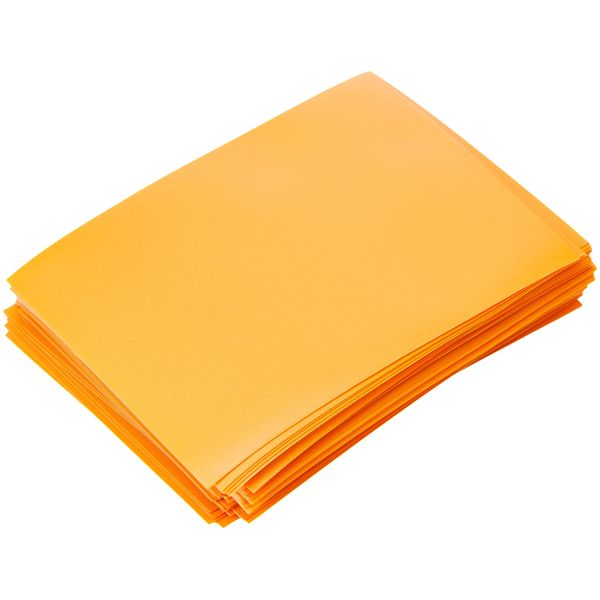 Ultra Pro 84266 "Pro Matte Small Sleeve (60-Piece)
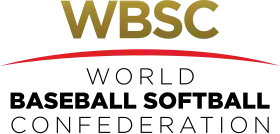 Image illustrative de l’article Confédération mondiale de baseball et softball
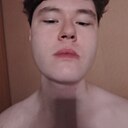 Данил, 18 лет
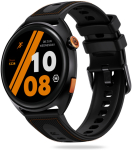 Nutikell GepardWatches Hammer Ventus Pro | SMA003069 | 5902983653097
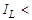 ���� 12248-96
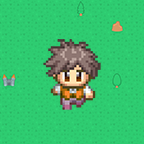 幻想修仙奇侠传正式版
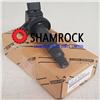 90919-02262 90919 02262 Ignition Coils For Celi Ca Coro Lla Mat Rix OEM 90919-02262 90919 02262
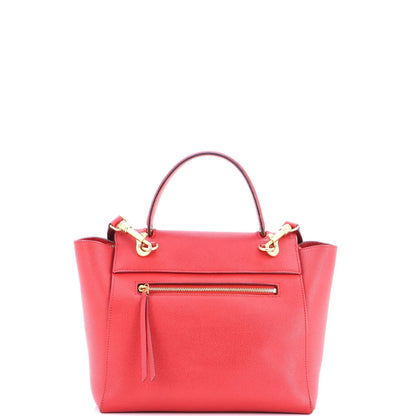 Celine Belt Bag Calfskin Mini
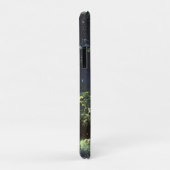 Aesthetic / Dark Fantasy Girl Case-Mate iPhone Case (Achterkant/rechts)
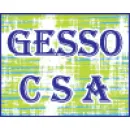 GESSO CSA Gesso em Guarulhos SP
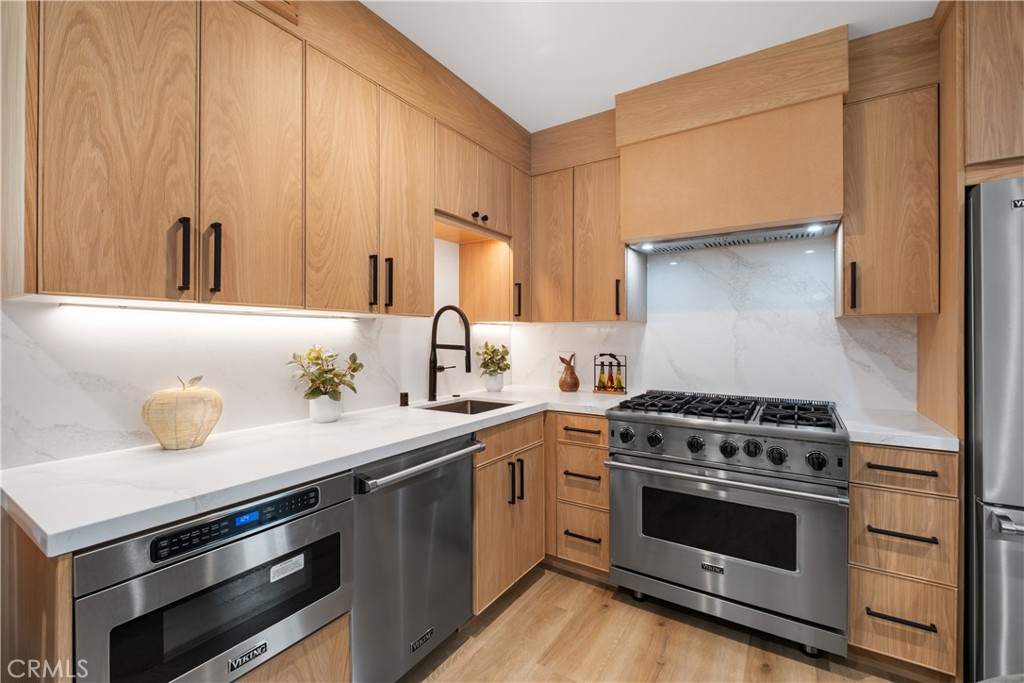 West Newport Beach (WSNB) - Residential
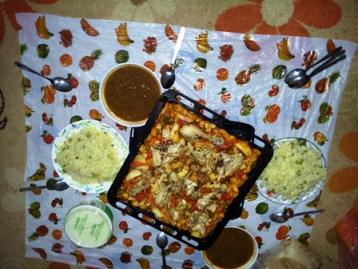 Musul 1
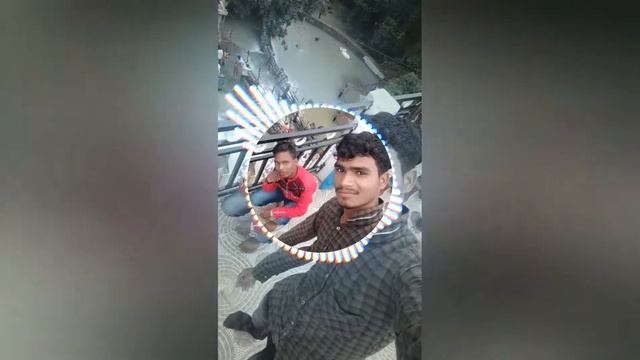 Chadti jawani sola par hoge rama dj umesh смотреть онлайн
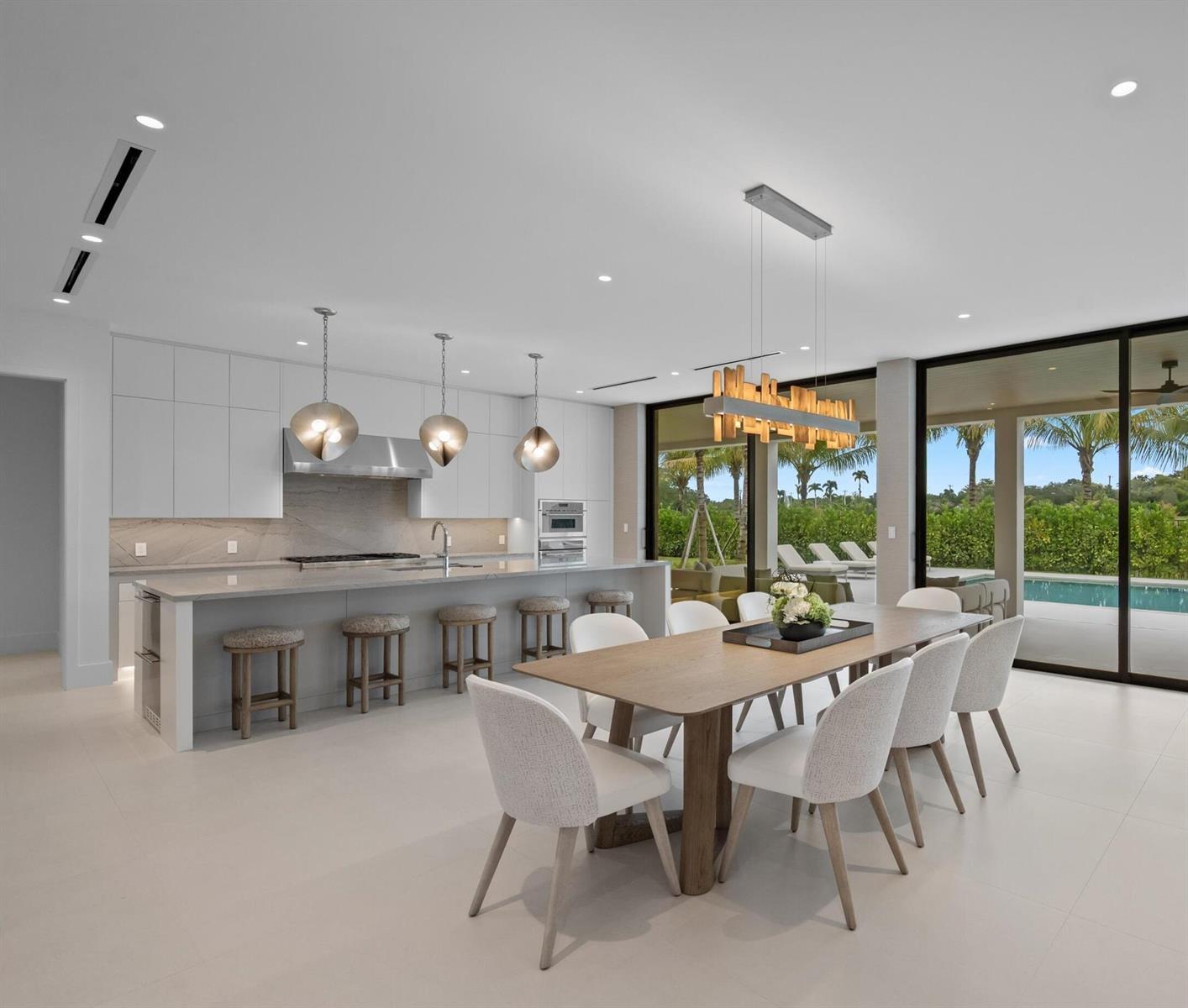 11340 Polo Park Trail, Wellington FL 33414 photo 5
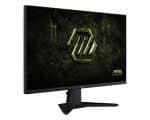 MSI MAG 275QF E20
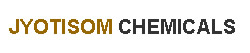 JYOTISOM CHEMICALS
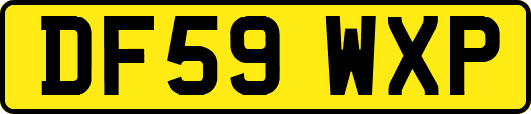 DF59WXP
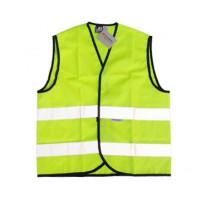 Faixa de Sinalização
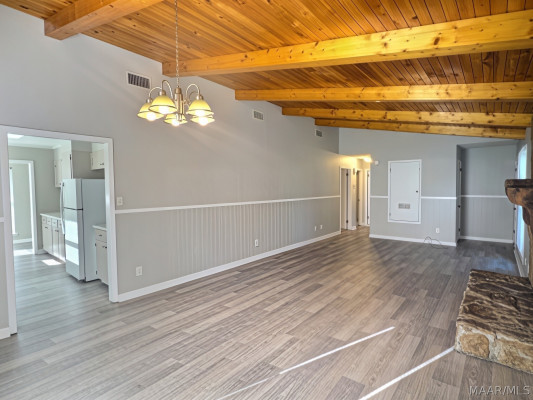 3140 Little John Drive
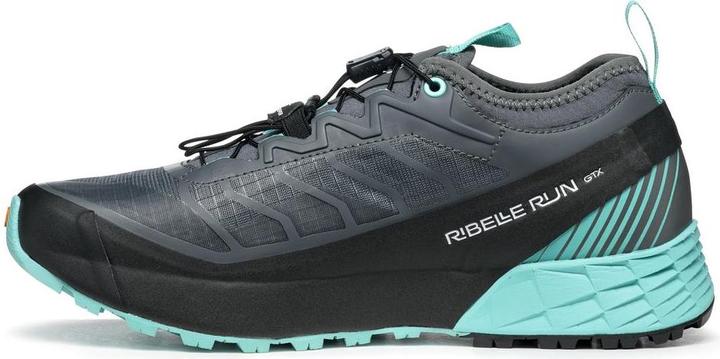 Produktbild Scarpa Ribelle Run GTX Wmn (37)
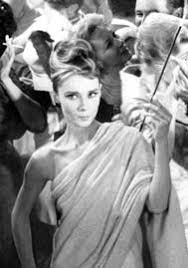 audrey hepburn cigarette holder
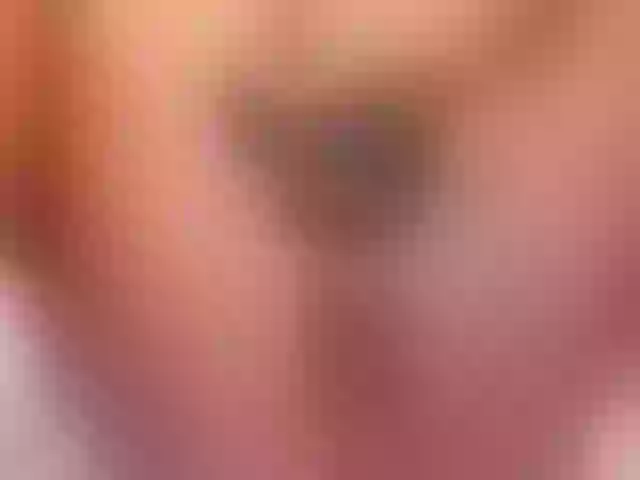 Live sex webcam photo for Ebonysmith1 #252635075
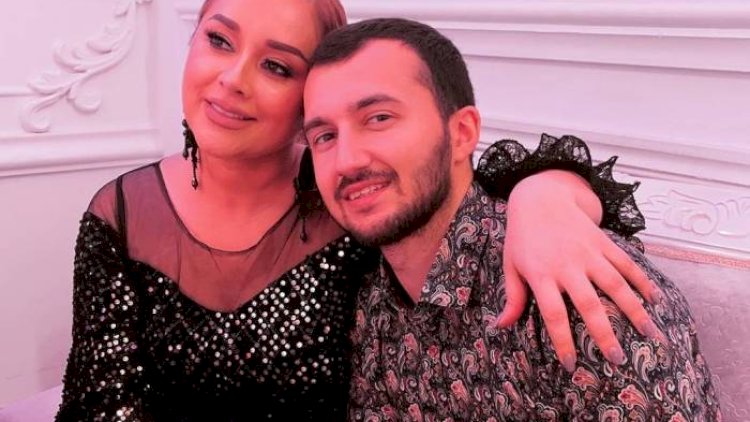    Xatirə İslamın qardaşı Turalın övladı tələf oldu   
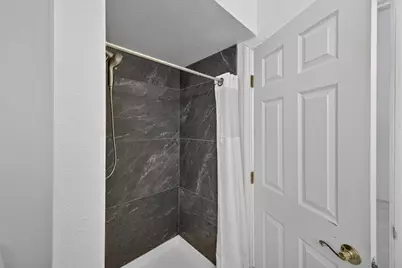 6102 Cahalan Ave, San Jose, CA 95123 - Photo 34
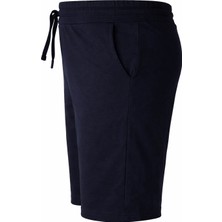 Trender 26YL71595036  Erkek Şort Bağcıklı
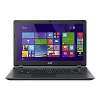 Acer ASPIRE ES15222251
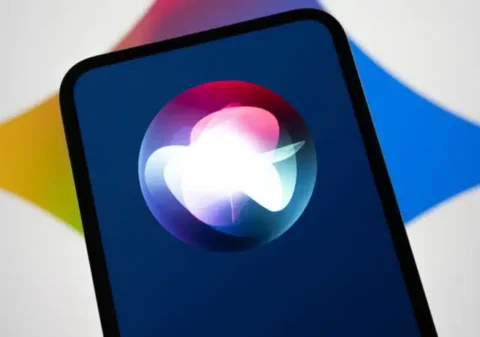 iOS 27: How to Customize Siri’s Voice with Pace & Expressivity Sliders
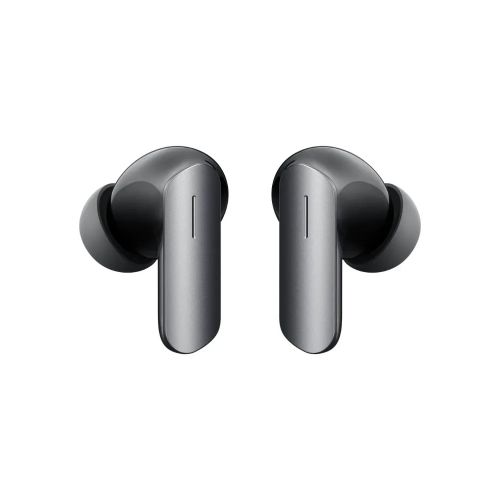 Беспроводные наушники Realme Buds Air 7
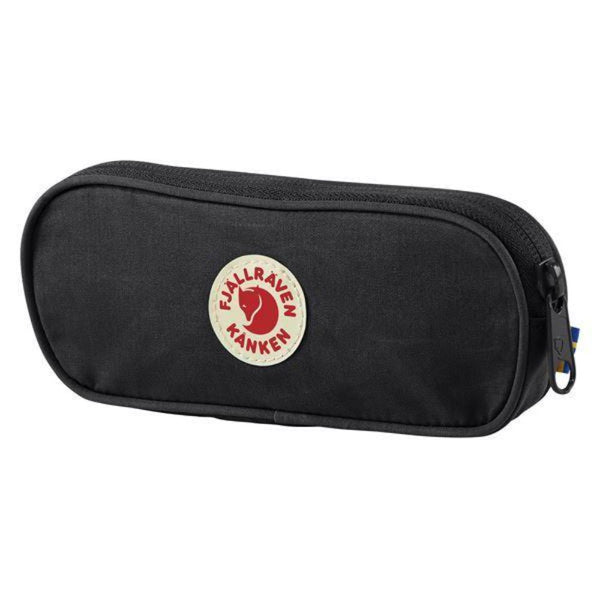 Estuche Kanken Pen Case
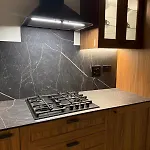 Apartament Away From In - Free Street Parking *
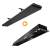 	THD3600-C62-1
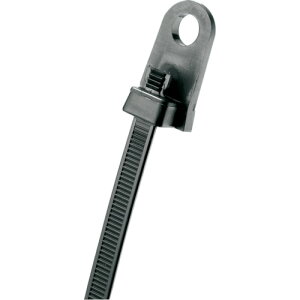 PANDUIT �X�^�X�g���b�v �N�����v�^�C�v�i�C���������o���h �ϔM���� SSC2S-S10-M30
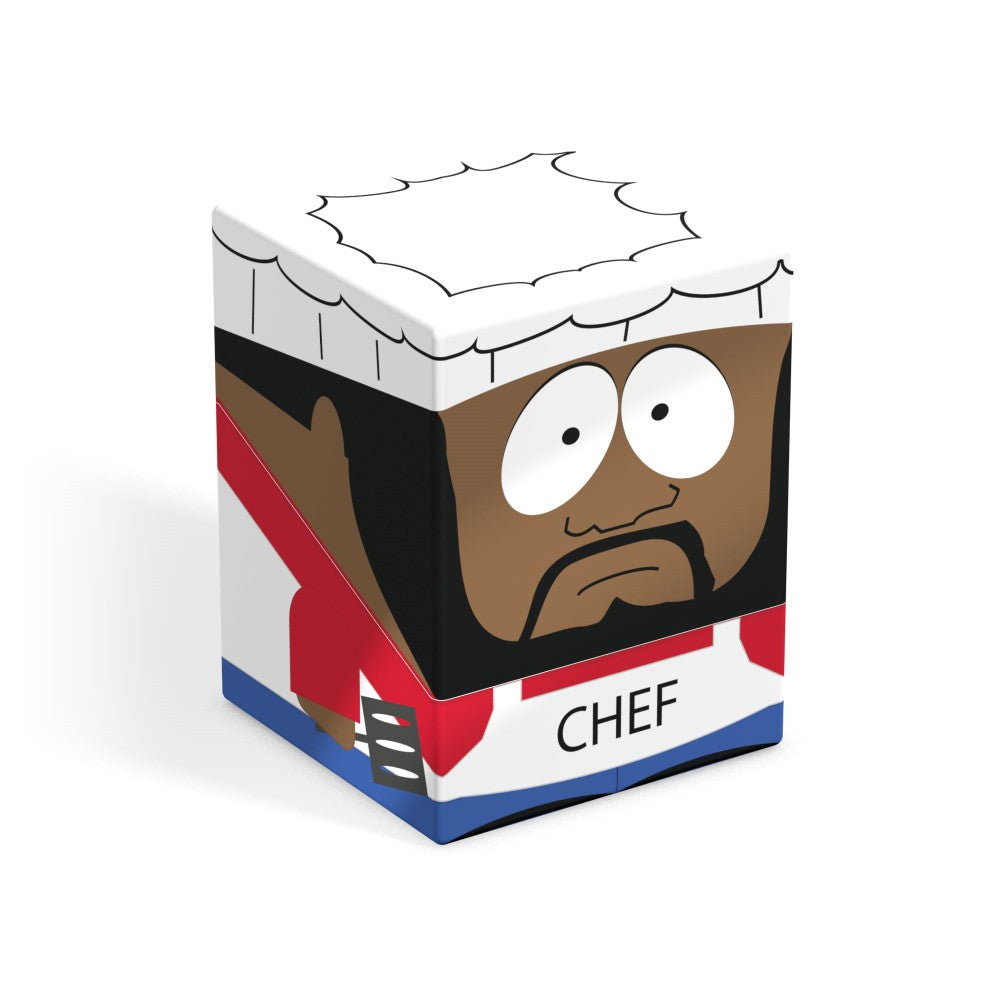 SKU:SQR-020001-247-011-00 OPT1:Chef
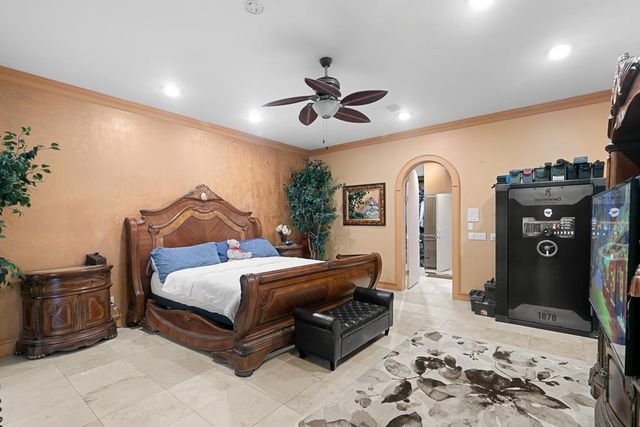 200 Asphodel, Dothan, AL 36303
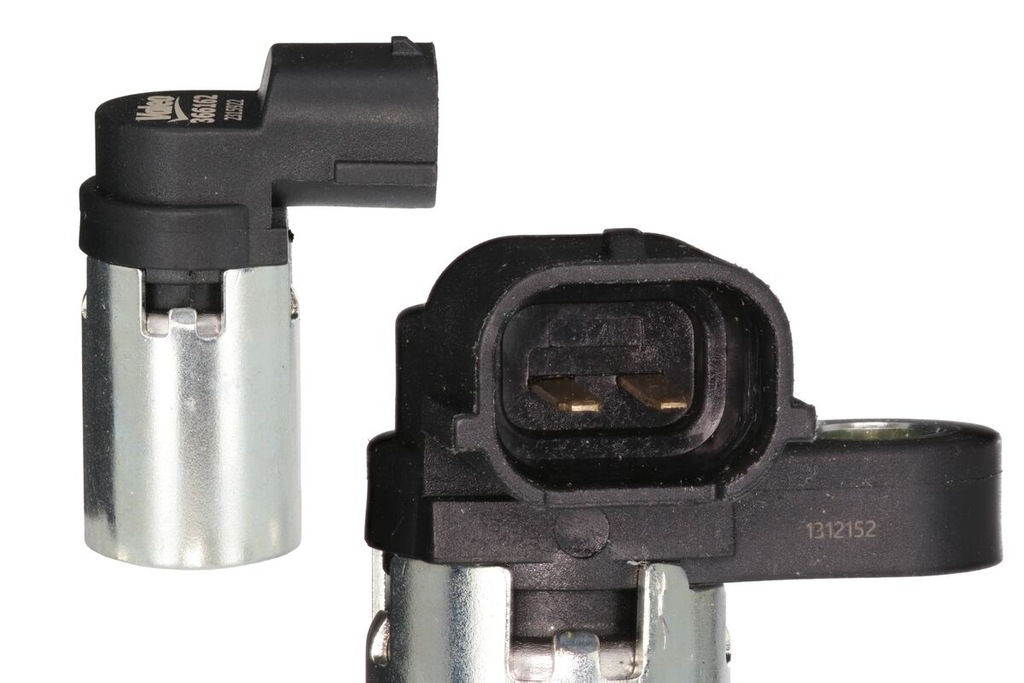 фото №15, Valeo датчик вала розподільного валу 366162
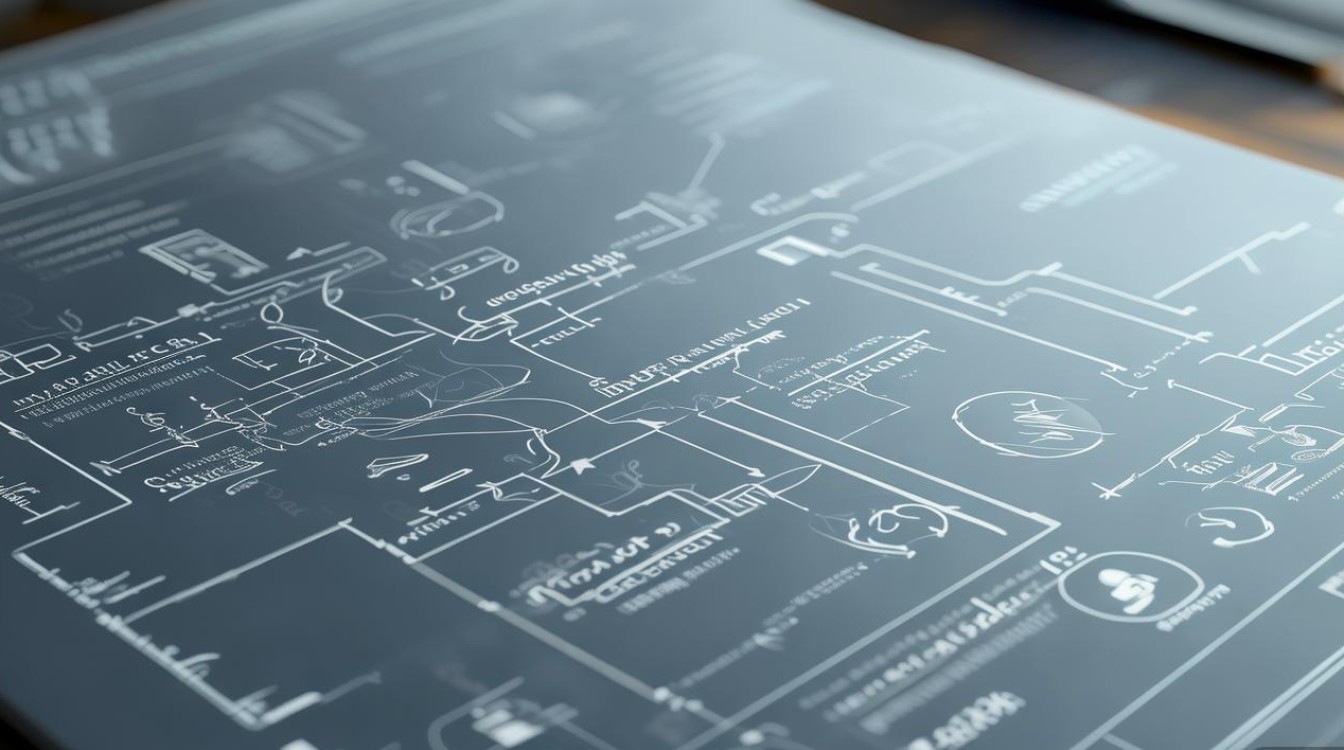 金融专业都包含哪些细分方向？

=======

WHAT IS BEING ASKED => None of the pictures should be reproduced; all other material above must be set down exactly.

TASK ANSWER =>
 Ultra Pro 84266 "Pro Matte Small Sleeve (60-Piece)
 Image illustrative de l’article Confédération mondiale de baseball et softball
 Данил, 18 лет
 Nutikell GepardWatches Hammer Ventus Pro | SMA003069 | 5902983653097
 ���� 12248-96
 幻想修仙奇侠传正式版
 90919-02262 90919 02262 Ignition Coils For Celi Ca Coro Lla Mat Rix OEM 90919-02262 90919 02262
 Celine Belt Bag Calfskin Mini
 Aesthetic / Dark Fantasy Girl Case-Mate iPhone Case (Achterkant/rechts)
 GESSO CSA Gesso em Guarulhos SP
 West Newport Beach (WSNB) - Residential
 Musul 1
 Chadti jawani sola par hoge rama dj umesh смотреть онлайн
 11340 Polo Park Trail, Wellington FL 33414 photo 5
 MSI MAG 275QF E20
 JYOTISOM CHEMICALS
 DF59WXP
 Faixa de Sinalização
 3140 Little John Drive
 Produktbild Scarpa Ribelle Run GTX Wmn (37)
 audrey hepburn cigarette holder
 Live sex webcam photo for Ebonysmith1 #252635075
    Xatirə İslamın qardaşı Turalın övladı tələf oldu   
 6102 Cahalan Ave, San Jose, CA 95123 - Photo 34
 Trender 26YL71595036  Erkek Şort Bağcıklı
 Acer ASPIRE ES15222251
 iOS 27: How to Customize Siri’s Voice with Pace & Expressivity Sliders
 Беспроводные наушники Realme Buds Air 7
 Estuche Kanken Pen Case
 Apartament Away From In - Free Street Parking *
 	THD3600-C62-1
 PANDUIT �X�^�X�g���b�v �N�����v�^�C�v�i�C���������o���h �ϔM���� SSC2S-S10-M30
 SKU:SQR-020001-247-011-00 OPT1:Chef
 200 Asphodel, Dothan, AL 36303
 фото №15, Valeo датчик вала розподільного валу 366162
 金融专业都包含哪些细分方向？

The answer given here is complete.